It’s World Mental Health Day today and I want to share some of my experience of being sectioned with psychosis and how I got through it.
Mental health difficulties can be challenging, even without having to face social stigma and a lack of understanding about the nature of mental health.
This World Mental Health Day is focused on ‘Mental Health for All’ and I love that tagline. It’s a reminder that each of us are influenced and affected by mental health in some way, and I think a little bit of kindness and recognition of that can go a long way.
I was detained under a Section 2 of the Mental Health Act in 2014. This meant that the hospital could keep me detained for up to 28 days while they carried out further assessments to determine whether I would be in need of longer term care. I went through an appeals process to be released from hospital early because I was finding it more distressing the longer I stayed there. After about three weeks I was allowed to go home to continue healing there.
It took a while for the active symptoms (hallucinations and delusions) to settle down. A few months probably. I was prescribed an anti-psychotic medication to help combat the symptoms and also signed up to receive some counselling.
I found the counselling helpful. More helpful than the medication to be honest. The medication made me feel like I was numb inside so I stopped taking it after a few months. The counselling was great though because it was the first time I felt able to talk openly about my experiences and was able to make more sense of what happened to me.
The symptoms of psychosis were disorientating and confusing at times. I was having both visual and auditory hallucinations -as well as delusional beliefs about what the hallucinations were supposed to represent. I was completely entranced by the whole experience and felt as though I was being guided through my mind to discover some unknown truth about life and the universe.
At the same time my friends and family were trying to engage me in everyday activities so I could continue to take care of myself and the people I loved. It was hard at first. It felt like a battle. I’d been seduced by this mental experience. I wanted to stay in it and forget all about my everyday responsibilities. It felt like I was being made to choose between two separate worlds. A spiritual world of the mind and imagination, and the sensory and physical world of the body.
The general messages I’d received in life up to this point was that you either chose a materialistic life, and deny yourself the pleasures of a spiritual life- or you choose a spiritual life, and deny yourself the pleasures of the physical.
I believed this to be true at the time and didn’t think I was ‘allowed’ to experience both the body and the mind as one.
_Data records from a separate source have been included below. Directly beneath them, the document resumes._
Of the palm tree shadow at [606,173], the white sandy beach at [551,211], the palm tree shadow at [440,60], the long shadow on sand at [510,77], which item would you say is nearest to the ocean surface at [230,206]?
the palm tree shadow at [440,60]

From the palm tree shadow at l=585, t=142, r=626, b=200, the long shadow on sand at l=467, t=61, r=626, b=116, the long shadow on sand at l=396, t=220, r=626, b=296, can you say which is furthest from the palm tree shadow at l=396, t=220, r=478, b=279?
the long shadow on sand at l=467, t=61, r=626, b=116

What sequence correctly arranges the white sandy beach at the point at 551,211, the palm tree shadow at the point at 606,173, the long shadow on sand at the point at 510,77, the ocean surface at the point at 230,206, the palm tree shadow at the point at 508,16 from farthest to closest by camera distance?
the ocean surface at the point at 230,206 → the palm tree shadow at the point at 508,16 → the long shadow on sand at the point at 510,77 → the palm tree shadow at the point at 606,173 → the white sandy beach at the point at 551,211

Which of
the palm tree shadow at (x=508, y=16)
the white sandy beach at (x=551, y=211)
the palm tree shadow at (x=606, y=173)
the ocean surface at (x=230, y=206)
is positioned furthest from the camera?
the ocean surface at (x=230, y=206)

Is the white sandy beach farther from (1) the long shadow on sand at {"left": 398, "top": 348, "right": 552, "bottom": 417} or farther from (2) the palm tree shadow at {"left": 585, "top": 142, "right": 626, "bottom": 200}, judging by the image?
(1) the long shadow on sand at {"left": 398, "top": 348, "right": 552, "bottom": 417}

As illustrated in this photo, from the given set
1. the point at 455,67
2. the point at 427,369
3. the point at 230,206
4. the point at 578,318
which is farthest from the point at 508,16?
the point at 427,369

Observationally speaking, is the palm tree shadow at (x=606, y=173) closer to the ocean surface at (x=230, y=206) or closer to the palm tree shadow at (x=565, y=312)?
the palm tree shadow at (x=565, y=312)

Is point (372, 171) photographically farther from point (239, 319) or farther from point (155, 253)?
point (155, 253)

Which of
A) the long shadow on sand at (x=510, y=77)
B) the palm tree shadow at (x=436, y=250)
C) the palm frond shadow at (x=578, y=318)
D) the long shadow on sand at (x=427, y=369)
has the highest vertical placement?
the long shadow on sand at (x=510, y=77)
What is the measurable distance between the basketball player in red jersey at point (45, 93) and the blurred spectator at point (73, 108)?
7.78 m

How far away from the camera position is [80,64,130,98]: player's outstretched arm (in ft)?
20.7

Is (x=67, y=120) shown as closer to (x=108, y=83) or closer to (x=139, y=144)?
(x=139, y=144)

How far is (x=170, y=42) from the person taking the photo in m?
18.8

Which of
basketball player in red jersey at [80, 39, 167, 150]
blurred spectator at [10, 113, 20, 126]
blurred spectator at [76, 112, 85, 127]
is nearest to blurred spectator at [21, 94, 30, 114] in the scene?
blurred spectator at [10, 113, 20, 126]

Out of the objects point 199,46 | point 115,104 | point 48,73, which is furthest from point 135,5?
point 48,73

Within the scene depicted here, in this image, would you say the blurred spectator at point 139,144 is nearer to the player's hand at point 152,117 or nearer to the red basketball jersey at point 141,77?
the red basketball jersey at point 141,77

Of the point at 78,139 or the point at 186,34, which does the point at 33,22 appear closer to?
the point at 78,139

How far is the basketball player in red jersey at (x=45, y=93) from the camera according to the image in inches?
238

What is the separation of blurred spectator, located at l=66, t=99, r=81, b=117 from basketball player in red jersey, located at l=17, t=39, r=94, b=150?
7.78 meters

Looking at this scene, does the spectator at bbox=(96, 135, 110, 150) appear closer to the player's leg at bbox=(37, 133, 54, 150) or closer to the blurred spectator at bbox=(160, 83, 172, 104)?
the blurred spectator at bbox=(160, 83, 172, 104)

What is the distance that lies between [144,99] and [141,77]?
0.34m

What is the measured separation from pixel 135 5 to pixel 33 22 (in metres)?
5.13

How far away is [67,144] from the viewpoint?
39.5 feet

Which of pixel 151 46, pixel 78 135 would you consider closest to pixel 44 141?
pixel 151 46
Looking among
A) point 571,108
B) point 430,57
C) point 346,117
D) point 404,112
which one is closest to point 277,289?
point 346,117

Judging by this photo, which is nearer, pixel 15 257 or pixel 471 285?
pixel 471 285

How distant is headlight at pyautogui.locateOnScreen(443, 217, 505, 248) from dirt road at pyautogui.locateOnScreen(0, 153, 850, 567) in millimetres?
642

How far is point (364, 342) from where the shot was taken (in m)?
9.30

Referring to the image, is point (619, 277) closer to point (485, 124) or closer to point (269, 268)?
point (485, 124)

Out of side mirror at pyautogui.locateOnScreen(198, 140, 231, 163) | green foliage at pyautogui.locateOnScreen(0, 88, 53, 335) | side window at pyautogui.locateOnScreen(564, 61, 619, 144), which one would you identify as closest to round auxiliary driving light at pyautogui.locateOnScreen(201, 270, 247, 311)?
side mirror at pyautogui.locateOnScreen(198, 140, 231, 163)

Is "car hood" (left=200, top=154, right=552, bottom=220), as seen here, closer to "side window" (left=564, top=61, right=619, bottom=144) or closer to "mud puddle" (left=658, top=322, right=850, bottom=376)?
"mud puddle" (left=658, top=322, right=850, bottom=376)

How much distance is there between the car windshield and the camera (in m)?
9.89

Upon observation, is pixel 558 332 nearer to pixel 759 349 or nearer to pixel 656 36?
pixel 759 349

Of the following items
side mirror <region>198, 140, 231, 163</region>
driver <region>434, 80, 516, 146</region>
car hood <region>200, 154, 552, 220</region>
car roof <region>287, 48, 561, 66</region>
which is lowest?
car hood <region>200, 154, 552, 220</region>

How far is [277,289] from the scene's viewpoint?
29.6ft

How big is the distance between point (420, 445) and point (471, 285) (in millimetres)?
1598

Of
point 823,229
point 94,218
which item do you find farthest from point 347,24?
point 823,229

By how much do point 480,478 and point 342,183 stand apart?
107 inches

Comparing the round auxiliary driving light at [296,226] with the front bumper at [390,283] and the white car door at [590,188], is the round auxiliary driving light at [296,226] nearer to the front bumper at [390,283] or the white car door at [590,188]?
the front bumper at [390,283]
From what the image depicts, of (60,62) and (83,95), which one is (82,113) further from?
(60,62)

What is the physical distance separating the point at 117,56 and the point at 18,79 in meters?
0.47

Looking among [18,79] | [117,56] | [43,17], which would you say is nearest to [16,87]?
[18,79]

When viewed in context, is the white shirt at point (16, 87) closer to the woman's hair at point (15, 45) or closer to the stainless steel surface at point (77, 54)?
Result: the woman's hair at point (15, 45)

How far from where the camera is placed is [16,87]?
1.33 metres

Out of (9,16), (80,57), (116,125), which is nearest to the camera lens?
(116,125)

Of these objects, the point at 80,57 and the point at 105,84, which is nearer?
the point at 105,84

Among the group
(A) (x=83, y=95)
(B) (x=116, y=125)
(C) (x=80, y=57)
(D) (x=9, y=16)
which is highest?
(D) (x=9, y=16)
It felt naughty, even a little bit wrong to do it, and so I would indulge my spiritual pleasures in secret.
I’d read paragraphs from books written by mystic scholars, like Rumi and Khalil Gibran, in private while dreaming about their deeper meanings. I’d listen to audiobooks about the ‘inside out understanding’ and swim in the flow of feeling spiritual joy.
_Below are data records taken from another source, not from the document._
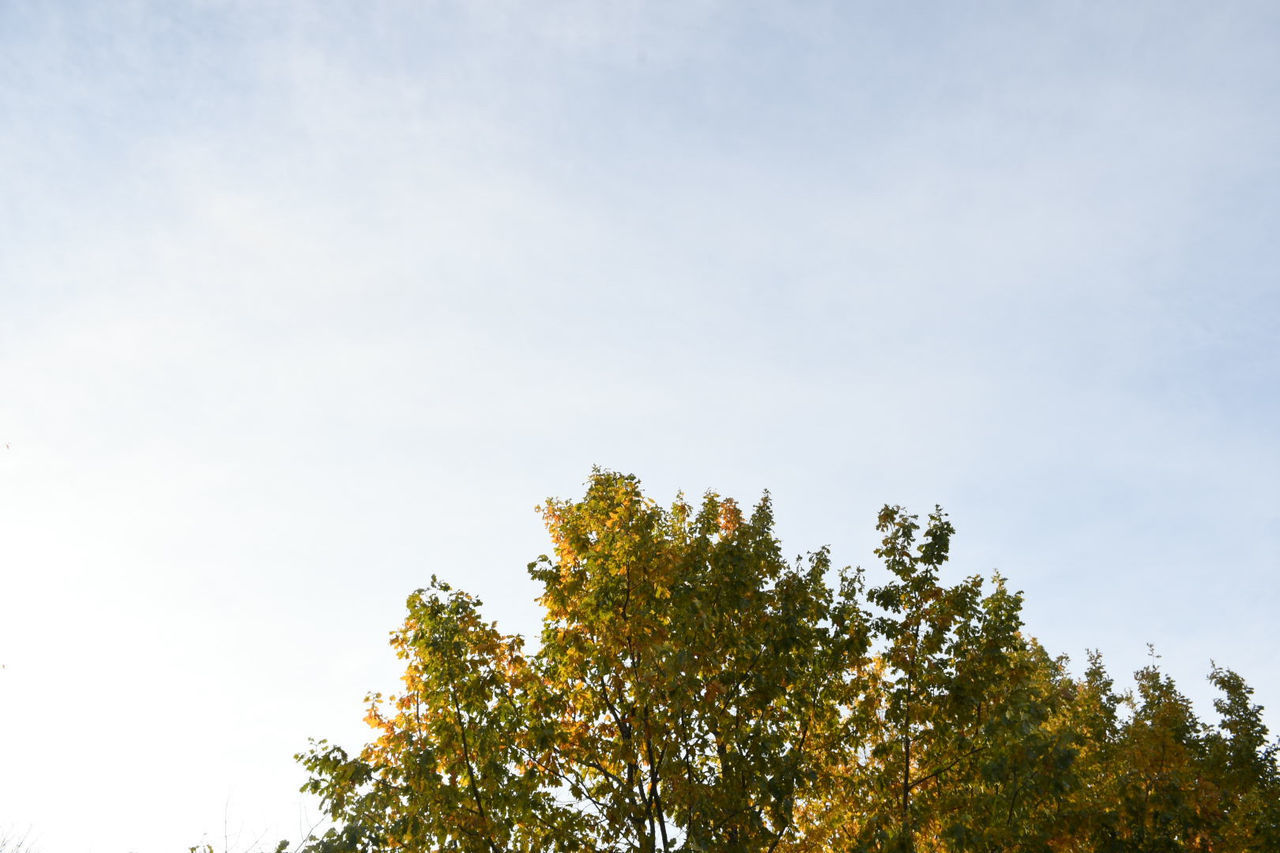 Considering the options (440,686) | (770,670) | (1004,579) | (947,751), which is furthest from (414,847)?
(1004,579)

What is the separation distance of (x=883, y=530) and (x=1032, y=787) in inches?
179

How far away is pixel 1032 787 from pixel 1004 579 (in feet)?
11.8

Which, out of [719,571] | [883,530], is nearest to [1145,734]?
[883,530]

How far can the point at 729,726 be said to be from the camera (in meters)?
13.2

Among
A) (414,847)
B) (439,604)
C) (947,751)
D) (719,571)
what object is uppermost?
(719,571)

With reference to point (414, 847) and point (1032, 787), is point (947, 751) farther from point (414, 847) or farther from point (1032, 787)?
point (414, 847)

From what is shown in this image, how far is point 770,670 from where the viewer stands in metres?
13.2

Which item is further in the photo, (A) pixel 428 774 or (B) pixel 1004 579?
(B) pixel 1004 579

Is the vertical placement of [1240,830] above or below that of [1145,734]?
below

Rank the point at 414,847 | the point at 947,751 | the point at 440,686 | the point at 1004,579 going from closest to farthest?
the point at 414,847 → the point at 440,686 → the point at 947,751 → the point at 1004,579

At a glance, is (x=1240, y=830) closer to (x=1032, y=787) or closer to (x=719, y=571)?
(x=1032, y=787)

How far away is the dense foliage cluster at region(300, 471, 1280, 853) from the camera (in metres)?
11.9

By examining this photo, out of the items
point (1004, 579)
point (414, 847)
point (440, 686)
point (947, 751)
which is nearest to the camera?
point (414, 847)

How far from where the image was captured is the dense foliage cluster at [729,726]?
11859 mm
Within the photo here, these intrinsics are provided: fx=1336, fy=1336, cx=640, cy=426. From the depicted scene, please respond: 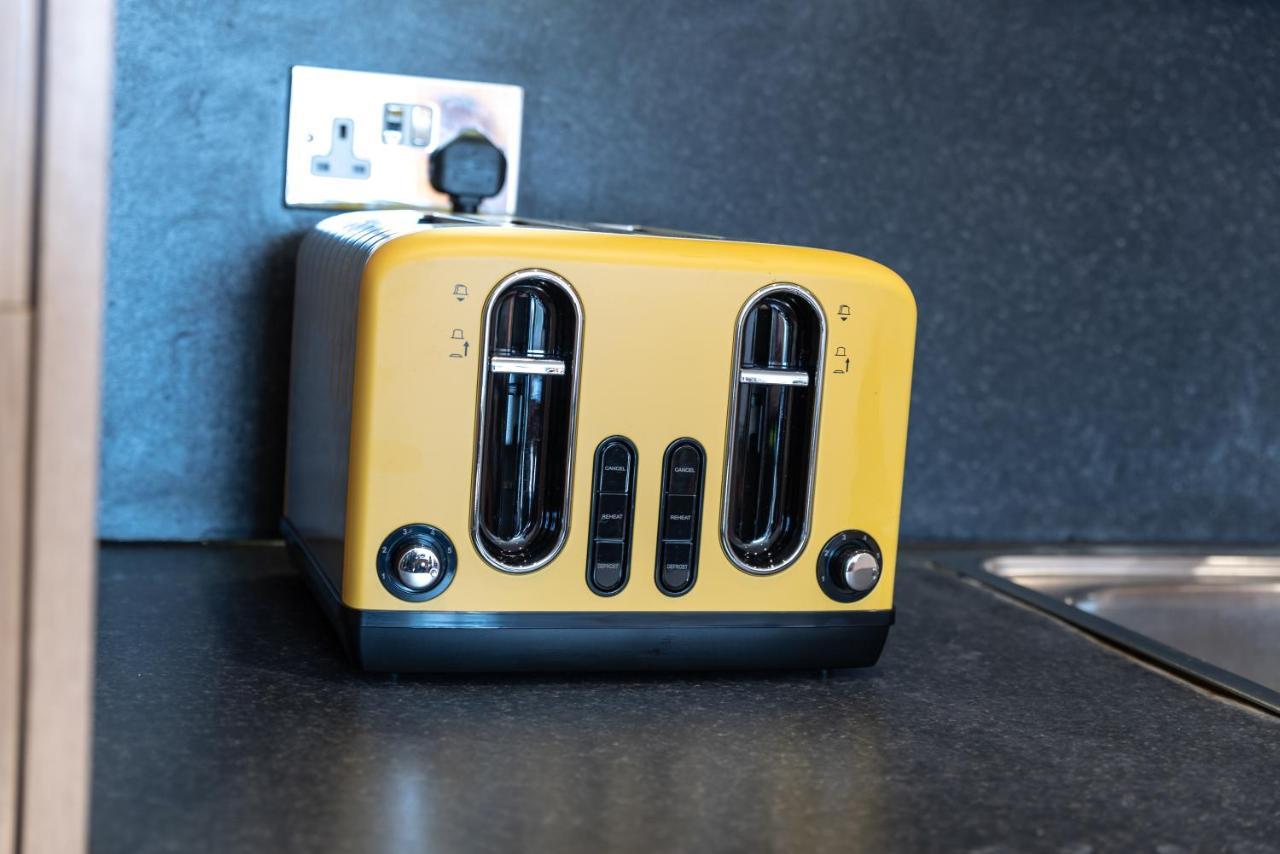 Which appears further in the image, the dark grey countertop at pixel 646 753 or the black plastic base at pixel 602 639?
the black plastic base at pixel 602 639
As time went on my understanding of nature deepened and I started to realise that I could embody (what seemed like) the dual experiences of the mind and body.
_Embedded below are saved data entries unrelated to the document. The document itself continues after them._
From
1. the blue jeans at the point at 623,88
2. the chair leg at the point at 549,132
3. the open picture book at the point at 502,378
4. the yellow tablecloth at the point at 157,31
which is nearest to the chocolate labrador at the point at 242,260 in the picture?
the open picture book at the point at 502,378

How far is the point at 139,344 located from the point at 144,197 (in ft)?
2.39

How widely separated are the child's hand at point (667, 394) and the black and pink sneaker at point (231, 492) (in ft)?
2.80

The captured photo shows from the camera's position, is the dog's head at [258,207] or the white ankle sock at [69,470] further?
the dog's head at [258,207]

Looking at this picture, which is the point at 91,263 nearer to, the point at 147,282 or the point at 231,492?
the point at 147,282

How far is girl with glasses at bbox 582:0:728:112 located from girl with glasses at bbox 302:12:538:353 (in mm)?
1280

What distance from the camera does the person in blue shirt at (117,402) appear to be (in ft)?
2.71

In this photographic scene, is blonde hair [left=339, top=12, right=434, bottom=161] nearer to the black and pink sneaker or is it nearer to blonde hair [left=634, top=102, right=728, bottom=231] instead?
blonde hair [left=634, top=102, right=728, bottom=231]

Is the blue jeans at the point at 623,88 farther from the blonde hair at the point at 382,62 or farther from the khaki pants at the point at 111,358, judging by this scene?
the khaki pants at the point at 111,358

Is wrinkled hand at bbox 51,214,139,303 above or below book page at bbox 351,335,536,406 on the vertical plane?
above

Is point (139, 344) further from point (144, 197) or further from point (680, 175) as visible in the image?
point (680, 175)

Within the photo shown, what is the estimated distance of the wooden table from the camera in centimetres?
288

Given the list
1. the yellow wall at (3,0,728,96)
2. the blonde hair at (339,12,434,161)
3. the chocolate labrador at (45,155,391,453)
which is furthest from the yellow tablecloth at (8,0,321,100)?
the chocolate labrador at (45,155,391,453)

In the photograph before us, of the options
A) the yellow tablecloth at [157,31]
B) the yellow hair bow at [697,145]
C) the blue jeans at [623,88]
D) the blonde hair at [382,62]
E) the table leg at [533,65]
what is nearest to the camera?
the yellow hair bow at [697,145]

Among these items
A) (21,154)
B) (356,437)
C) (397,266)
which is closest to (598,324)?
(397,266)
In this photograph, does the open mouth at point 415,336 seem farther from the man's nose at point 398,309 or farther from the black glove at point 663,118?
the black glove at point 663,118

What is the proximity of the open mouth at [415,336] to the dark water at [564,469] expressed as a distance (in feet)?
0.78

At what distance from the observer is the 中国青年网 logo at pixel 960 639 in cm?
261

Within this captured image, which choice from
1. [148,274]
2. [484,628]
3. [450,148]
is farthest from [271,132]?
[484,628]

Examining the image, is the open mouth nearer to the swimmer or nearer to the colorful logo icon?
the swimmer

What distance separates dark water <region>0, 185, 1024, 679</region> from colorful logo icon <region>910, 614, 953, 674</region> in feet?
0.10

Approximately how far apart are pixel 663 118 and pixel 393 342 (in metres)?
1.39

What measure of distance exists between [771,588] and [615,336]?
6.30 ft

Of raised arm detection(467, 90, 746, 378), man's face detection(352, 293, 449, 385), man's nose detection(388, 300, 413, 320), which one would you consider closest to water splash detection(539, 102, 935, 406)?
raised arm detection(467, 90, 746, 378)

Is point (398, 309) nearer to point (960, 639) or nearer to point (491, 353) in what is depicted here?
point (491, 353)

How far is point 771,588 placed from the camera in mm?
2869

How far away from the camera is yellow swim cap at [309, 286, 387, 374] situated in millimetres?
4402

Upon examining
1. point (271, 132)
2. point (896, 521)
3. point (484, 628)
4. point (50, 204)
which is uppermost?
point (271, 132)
That I could allow myself to openly enjoy sensory experiences and have freedom of thought.
I remembered that this is what it feels like to be a fully functioning human being.
Whole, complete, full, free.
It was shoddy social conditioning that had led me to believe I couldn’t have both my mind and my body together.
Since having this realisation I have been able to experience joy, a deep sense of belonging, love, peace and an inner calm that I never knew existed. I accepted that I’d had bad experiences with mental health and that a lot of people probably wouldn’t understand what I’d been through. I accepted that I’d been psychotic and it was this acceptance that gave me the self-compassion I needed to heal from it.
I realised that the social stigma we might face because of our mental health experiences in no way define us or determine what we can be and do in life.
I overcame psychosis, and being sectioned, in that simple act of accepting them completely from within. I embrace them as experiences that- in their own way- gave me an awesome insight into the power of the mind.